INDIANAPOLIS — The interviews began Wednesday night.

The weigh-ins start Thursday at dawn.

The prospects first meet the media some time Thursday afternoon. The parade of on-field drills begins Friday.

The numbing detail of the NFL scouting combine has begun in the RCA Dome and its environs, and Bengals secondary coach Kevin Coyle is going to be as immersed as any of the owners, league and team officials, agents, or doctors who have a huge stake here.

But not that immersed.

"To see them on film do certain things, like accelerate when the ball is in the air and turn the hips and run is not always indicated by a fast 40 or a great shuttle run," Coyle said of game tape earlier this week. "Those are things that usually separate guys in the draft."

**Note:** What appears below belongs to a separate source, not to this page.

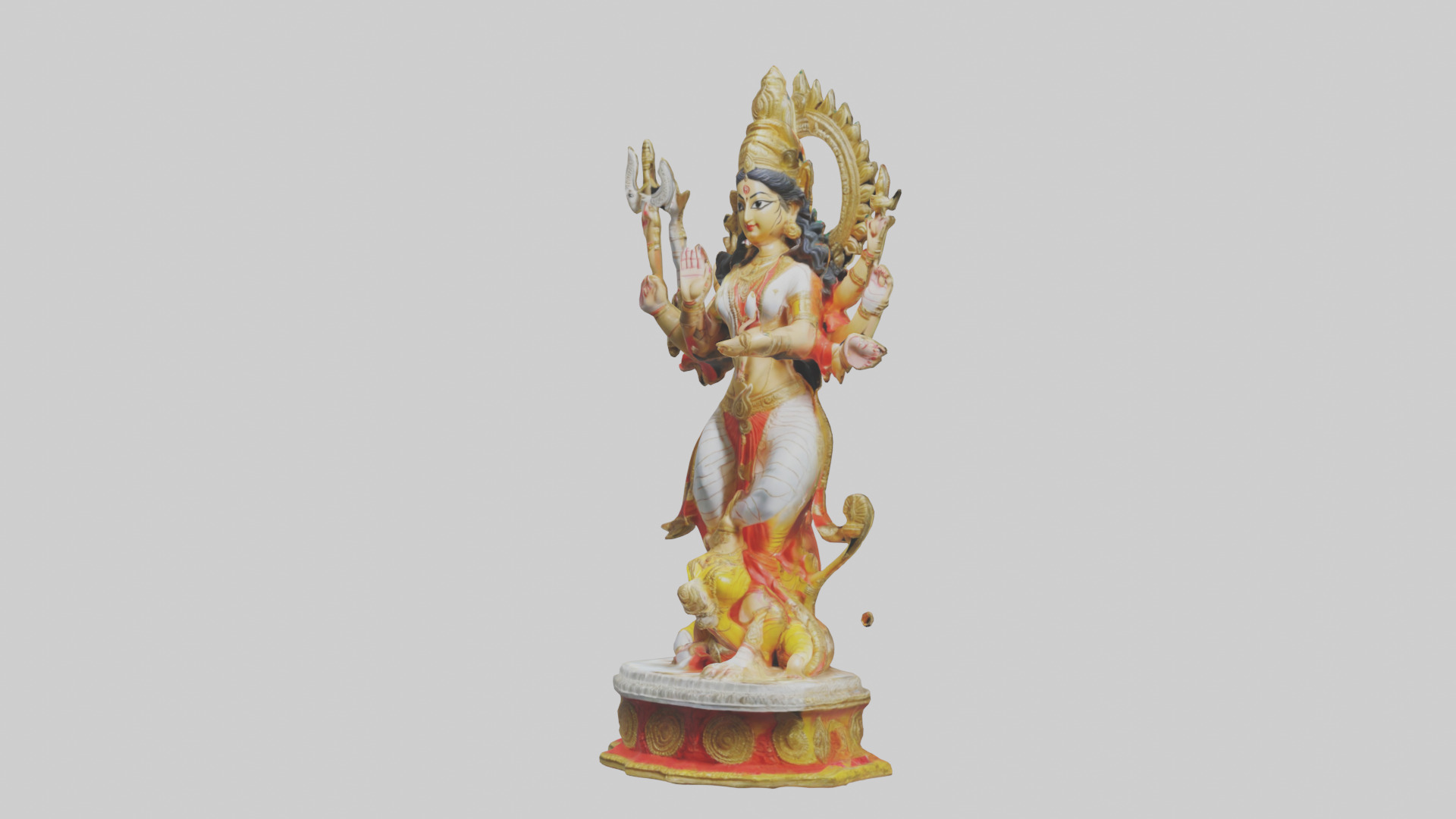 Durga statue model Low-poly 3D model_10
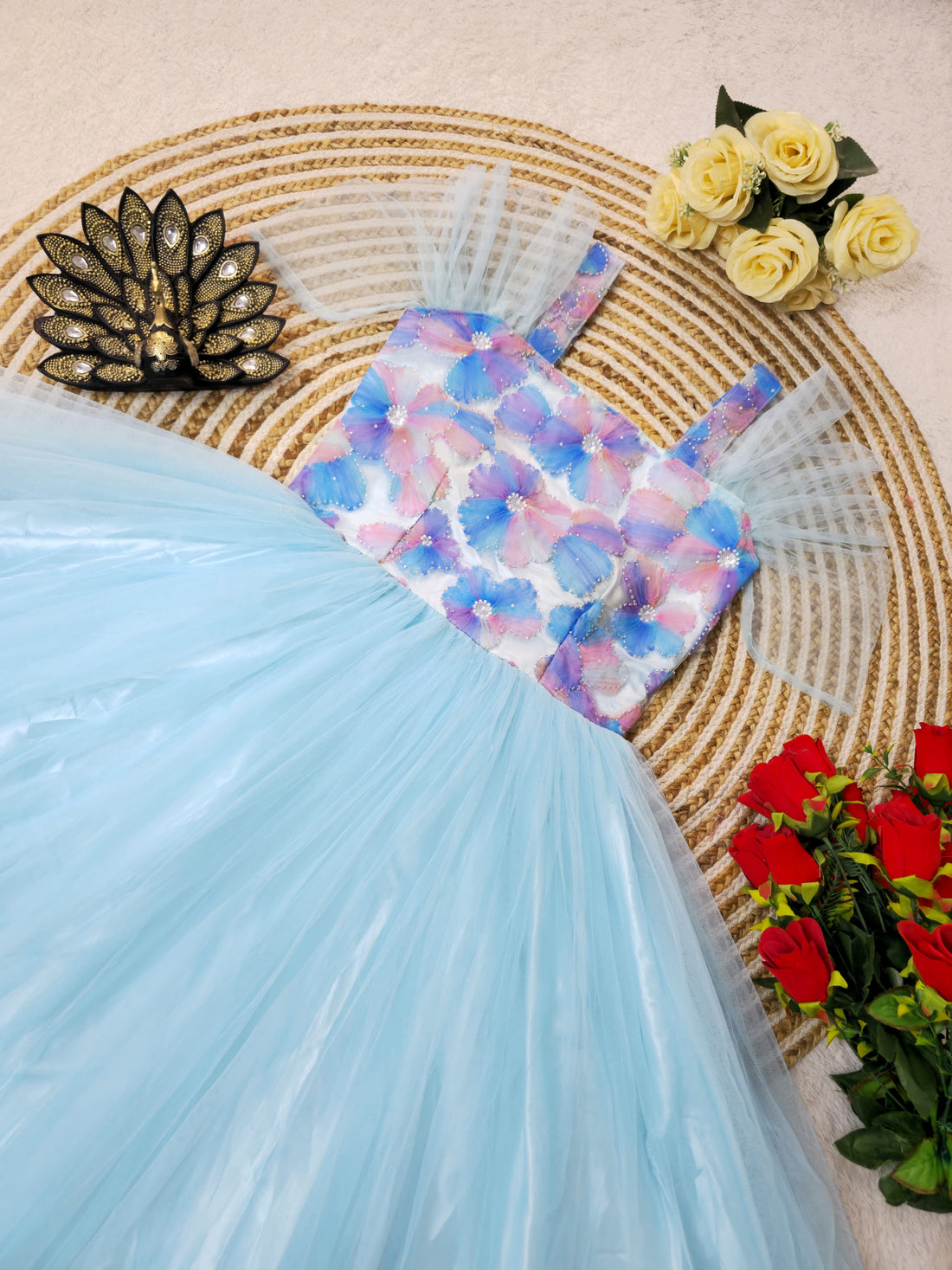 Cafe Gowns Premium soft net with designer work midi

This week's drills are important, of course. But not more important as the week Coyle spent last month shivering at Senior Bowl practices in Mobile, Ala., with the rest of the Bengals staff. Not more important than the 15 minutes the teams spend in interviews with 60 of the 330 prospects this weekend. Not more important than the tapes of this weekend that will be shipped to the team offices for viewing as soon as next week.

"It's all part of piecing together the whole picture of a guy," Coyle said.

And really, how important is that 15-minute interview? It will be heavily stressed this week outside the Bengals interview room because the club has put some pressure on themselves internally to emphasize character and intelligence after a disastrous 14 months off the field.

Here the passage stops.